5
May/15

NEW YORK AFRICAN FILM FESTIVAL CENTERPIECE: RED LEAVES

5
May/15
Meseganio Tadela (Debebe Eshetu) prepares for a new life following the death of his wife

Meseganio Tadela (Debebe Eshetu) prepares for a new life following the death of his wife

RED LEAVES (ALIM ADUMIM) (Bazi Gete, 2014)
Film Society of Lincoln Center, Elinor Bunin Munroe Film Center
Francesca Beale Theater, 144 West 65th St. between Broadway & Amsterdam
Friday, May 8, 6:45, and Sunday, May 10, 4:15, $14 ($75 for centerpiece screening and reception on May 8)
Festival runs May 6-12
212-875-5601
www.filmlinc.com
www.africanfilmny.org

Named Best First Film at the 2014 Jerusalem Film Festival, Bazi Gete’s Red Leaves is a compelling cinema-vérité-style tale of an Ethiopian Jewish family dealing with a very stubborn patriarch following the death of his wife. The film opens as a man tries to lead a goat to slaughter, an apt metaphor for what might become of seventy-four-year-old Meseganio Tadela (Debebe Eshetu), a solemn survivor of Sudan who suddenly tells his family that he has sold his home and will spend the rest of his life living with each of them in Tel Aviv.

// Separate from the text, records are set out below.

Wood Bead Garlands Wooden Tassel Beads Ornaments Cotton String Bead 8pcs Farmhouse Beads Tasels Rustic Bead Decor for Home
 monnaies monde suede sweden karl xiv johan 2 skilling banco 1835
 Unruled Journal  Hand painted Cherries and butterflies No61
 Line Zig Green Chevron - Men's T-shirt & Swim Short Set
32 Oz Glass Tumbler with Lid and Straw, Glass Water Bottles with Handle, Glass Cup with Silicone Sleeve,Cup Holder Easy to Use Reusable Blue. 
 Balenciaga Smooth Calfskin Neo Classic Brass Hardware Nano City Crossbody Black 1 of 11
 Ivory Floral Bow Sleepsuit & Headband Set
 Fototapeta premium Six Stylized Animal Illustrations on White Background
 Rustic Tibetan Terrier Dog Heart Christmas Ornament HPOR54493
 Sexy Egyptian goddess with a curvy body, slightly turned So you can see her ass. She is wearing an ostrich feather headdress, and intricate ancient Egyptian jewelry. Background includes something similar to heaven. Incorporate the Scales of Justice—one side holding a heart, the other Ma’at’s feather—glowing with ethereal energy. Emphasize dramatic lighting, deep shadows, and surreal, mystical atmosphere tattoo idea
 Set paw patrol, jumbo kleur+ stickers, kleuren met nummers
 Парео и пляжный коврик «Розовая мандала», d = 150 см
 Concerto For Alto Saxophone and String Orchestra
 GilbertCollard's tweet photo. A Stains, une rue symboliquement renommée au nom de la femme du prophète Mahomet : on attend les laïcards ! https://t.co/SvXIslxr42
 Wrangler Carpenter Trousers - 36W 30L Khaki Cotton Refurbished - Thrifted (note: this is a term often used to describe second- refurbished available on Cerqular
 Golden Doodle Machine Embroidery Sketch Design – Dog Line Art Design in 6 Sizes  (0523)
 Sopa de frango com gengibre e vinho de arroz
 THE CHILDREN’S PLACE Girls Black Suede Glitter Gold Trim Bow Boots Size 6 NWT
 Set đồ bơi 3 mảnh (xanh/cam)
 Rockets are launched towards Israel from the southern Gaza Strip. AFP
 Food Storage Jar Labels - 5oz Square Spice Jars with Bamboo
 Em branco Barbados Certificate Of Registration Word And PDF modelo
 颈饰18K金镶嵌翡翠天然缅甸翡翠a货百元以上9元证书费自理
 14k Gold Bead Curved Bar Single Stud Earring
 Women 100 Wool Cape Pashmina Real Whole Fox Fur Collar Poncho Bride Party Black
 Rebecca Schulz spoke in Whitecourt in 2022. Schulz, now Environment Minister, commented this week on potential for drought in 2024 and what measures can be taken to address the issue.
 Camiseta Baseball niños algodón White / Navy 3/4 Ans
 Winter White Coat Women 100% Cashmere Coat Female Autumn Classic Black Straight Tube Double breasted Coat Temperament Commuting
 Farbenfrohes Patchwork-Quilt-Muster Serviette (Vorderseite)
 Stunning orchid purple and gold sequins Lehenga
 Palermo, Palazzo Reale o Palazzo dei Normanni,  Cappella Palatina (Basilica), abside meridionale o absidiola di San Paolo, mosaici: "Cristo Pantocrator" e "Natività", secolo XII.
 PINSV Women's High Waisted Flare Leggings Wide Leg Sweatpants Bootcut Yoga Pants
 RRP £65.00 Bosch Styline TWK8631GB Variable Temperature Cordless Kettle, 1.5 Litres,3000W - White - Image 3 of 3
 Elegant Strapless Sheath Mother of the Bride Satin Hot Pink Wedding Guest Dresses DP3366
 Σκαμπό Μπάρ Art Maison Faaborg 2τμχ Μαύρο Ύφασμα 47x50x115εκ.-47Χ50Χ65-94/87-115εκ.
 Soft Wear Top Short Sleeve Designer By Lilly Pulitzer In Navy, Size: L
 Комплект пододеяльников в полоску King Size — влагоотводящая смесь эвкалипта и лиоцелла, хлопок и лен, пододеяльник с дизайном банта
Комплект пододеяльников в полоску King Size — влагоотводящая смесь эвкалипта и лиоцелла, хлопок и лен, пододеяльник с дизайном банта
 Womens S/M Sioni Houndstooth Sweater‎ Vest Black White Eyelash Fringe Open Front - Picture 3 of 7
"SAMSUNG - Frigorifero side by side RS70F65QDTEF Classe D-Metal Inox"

So he shows up unannounced at one son’s home, then another’s, leaving behind psychological wreckage that might never be undone. A stubborn man of few words, Meseganio is determined to preserve the old traditions in changing times that are quickly passing him by. His adherence gets him into trouble with his children and grandchildren, who have different priorities. Gete and cinematographer Edan Sasson use a handheld camera that puts the viewer at the Shabbat dinner table with the family as they playfully joke around with one another but afterward reveals Meseganio sitting by himself as everyone else goes on about their life without him. He can’t keep from interfering in his children’s lives, and he sticks his nose in various situations that turn volatile, from a confrontation with his granddaughter Bosna (Ruti Asarsai) to battles with his son Baruch’s (Meir Dassa) wife, Zehava (Hanna Haiela), and his other son, Moshe (Solomon Mersha). “Nothing to live for,” Meseganio’s friend Achenaf (Molla Megistu) says, but Meseganio has plenty to live for, if he would only recognize it. The final twenty minutes, and the wholly ambiguous ending, are heartbreaking and painful as the old man tries to find his way.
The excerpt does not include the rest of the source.